== Segment start ==
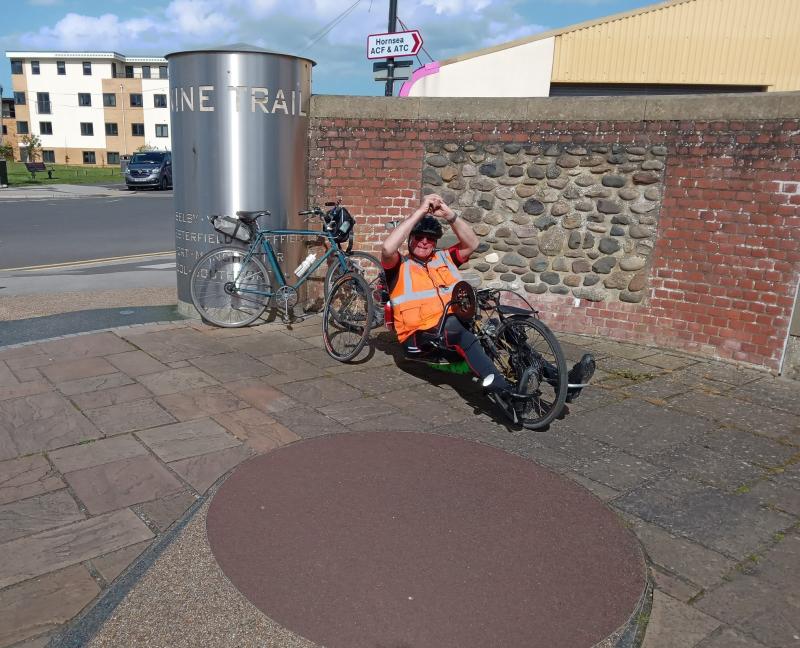 A man on a handcycle has his hands in the air in an expression of celebration. He's wearing black leggings and an orange hi-vis vest. Behind him a touring bike is leaning against a metal post that reads Transpennine Trail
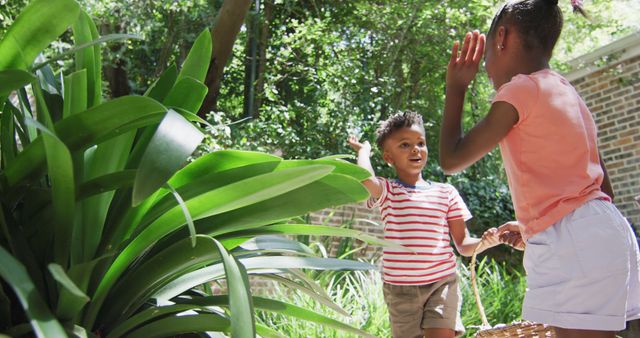 Children exploring garden with basket, interacting next to plants in sunlight. Useful for topics related to childhood, outdoor activities, family bonding times, nature exploration, or summer activities.
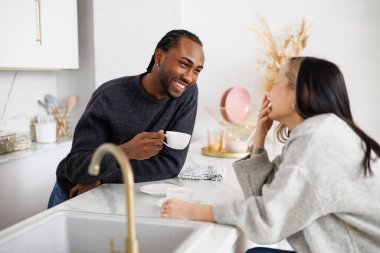 Asyalı kız arkadaşı modern mutfakta konuşurken, elinde kahve tutan gülen Afro-Amerikan bir adam.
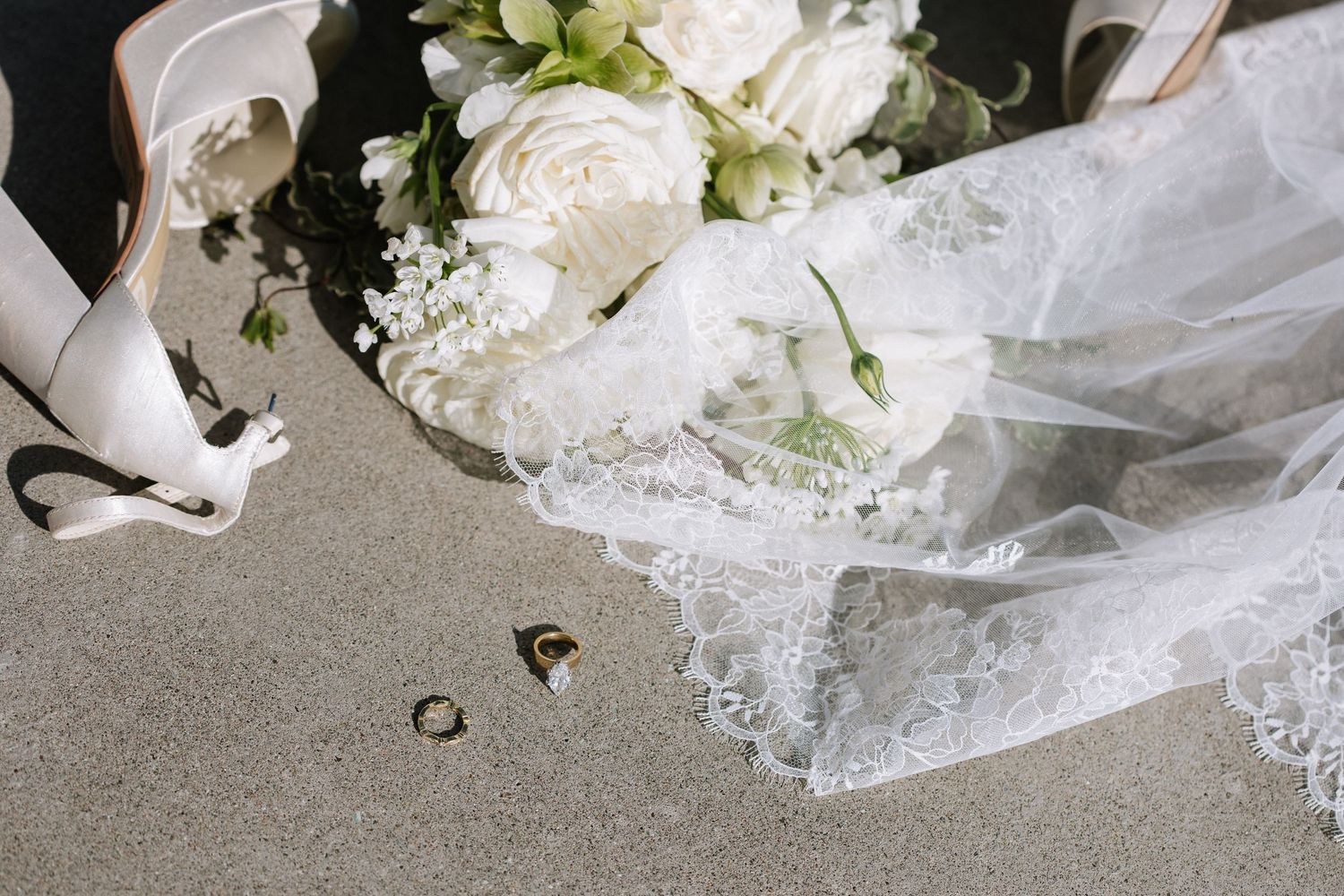 Wedding flat lay with white bouquet, lace veil, heels, and gold rings on gray surface.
== Segment end ==
» **What the task asks**
Print every line of the listing exactly, please, and leave the images out.

» **Result for this exercise**
 A man on a handcycle has his hands in the air in an expression of celebration. He's wearing black leggings and an orange hi-vis vest. Behind him a touring bike is leaning against a metal post that reads Transpennine Trail
 Children exploring garden with basket, interacting next to plants in sunlight. Useful for topics related to childhood, outdoor activities, family bonding times, nature exploration, or summer activities.
 Asyalı kız arkadaşı modern mutfakta konuşurken, elinde kahve tutan gülen Afro-Amerikan bir adam.
 Wedding flat lay with white bouquet, lace veil, heels, and gold rings on gray surface.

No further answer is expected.